• **Required work**: Where the listing shows an image, skip it and output all other material unchanged.

• **Available data**:
****
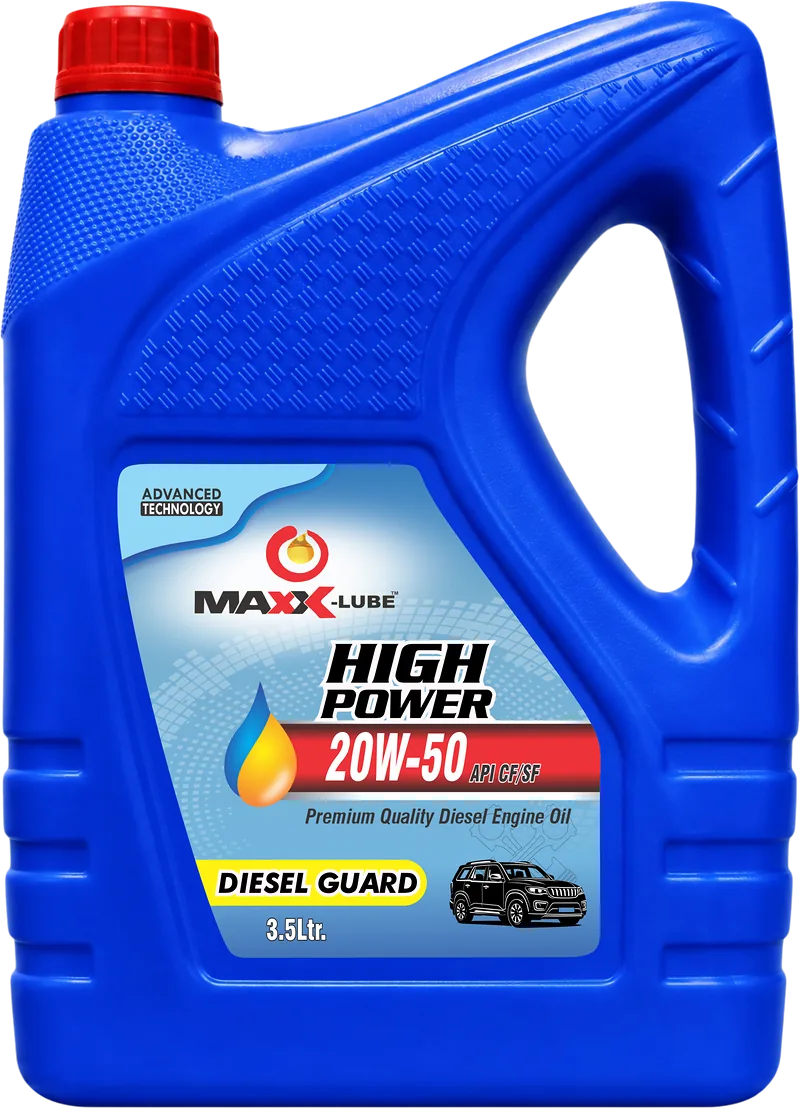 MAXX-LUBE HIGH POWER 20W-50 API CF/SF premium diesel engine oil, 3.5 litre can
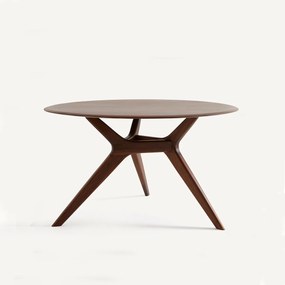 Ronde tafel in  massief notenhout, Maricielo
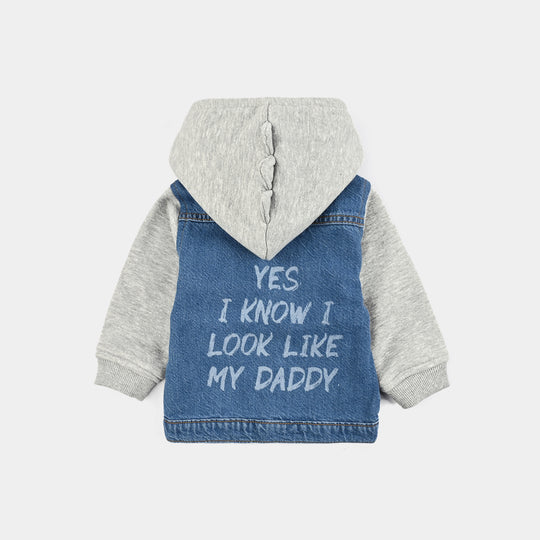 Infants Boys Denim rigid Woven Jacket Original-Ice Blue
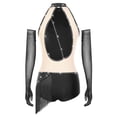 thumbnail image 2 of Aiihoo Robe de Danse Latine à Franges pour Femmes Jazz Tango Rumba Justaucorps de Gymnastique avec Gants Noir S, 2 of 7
****
• **Written solution**:
 MAXX-LUBE HIGH POWER 20W-50 API CF/SF premium diesel engine oil, 3.5 litre can
 Ronde tafel in  massief notenhout, Maricielo
 Infants Boys Denim rigid Woven Jacket Original-Ice Blue
 thumbnail image 2 of Aiihoo Robe de Danse Latine à Franges pour Femmes Jazz Tango Rumba Justaucorps de Gymnastique avec Gants Noir S, 2 of 7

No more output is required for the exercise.